The Sweeney was shot on 16mm film, allowing producers to use much smaller and more agile camera crews than shooting on videotape allowed at that time. This made it possible to shoot almost entirely on location for both exteriors and interiors, helping to give the series a startling degree of realism and elevating London as a character of its own. Using film also allowed directors to feature many more action sequences. Directors Tom Clegg, Terry Green, Douglas Camfield, David Wickes, Mike Vardy and William Brayne were among the group of "guerrilla filmmakers" that realised the episodes.
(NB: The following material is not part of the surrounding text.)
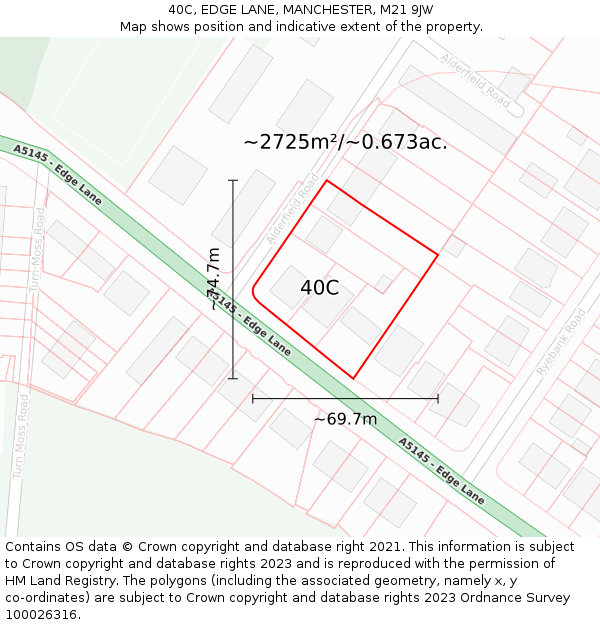 40C, EDGE LANE, MANCHESTER, M21 9JW: Plot and title map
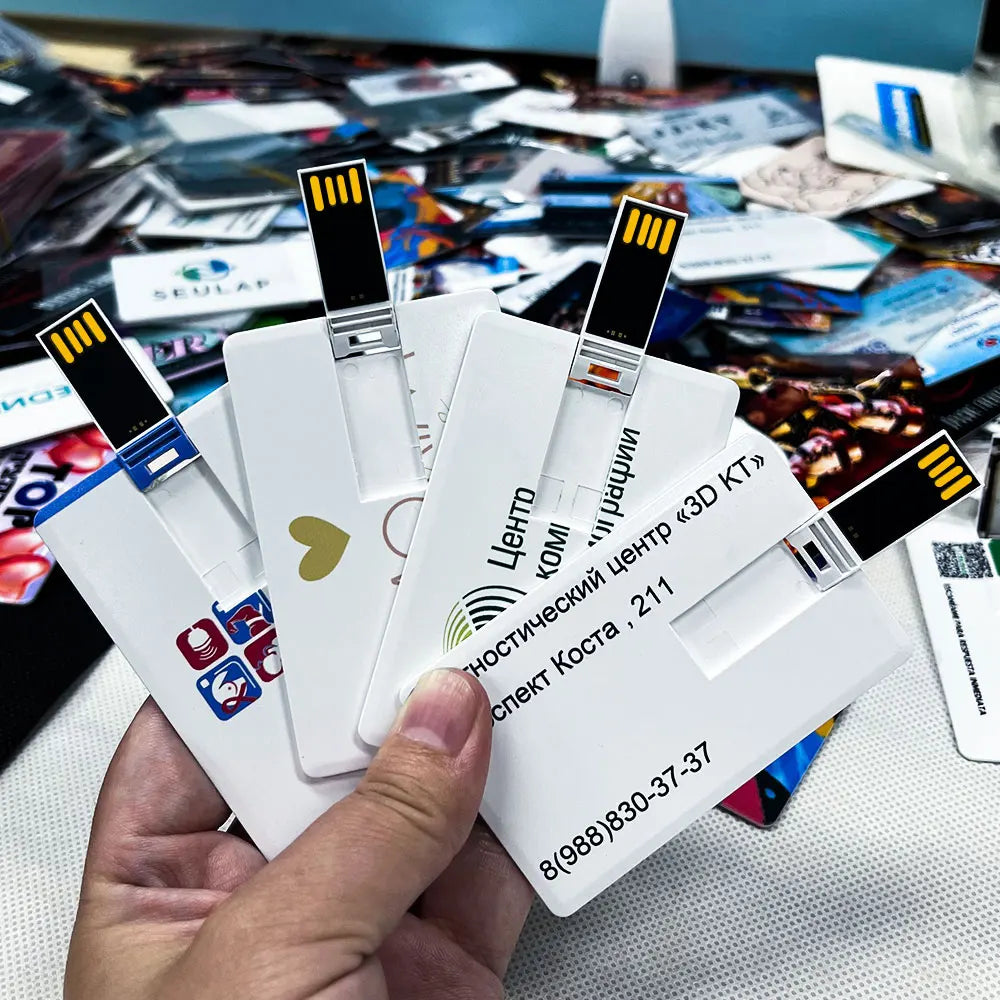 Custom Logo Credit Card USB Flash Drive Bulk 10/50/100 Pcs Custom USB Flash Drive PRIMED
What they and the crews delivered is a fast-paced series, depicting the Squad's relentless battle against armed robbery; but it also includes a substantial degree of humour. For the period it has a high degree of on-screen violence, and it is not unknown for several deaths to occur in an episode.

Each episode had a budget of £266,000 with an eight-and-a-half-week production schedule: two weeks' pre-production (for casting, finding locations etc.), two weeks' shooting, four weeks' picture editing (the first two weeks of which overlapped with the shoot), two weeks' sound editing, and two-and-a-half days' dubbing.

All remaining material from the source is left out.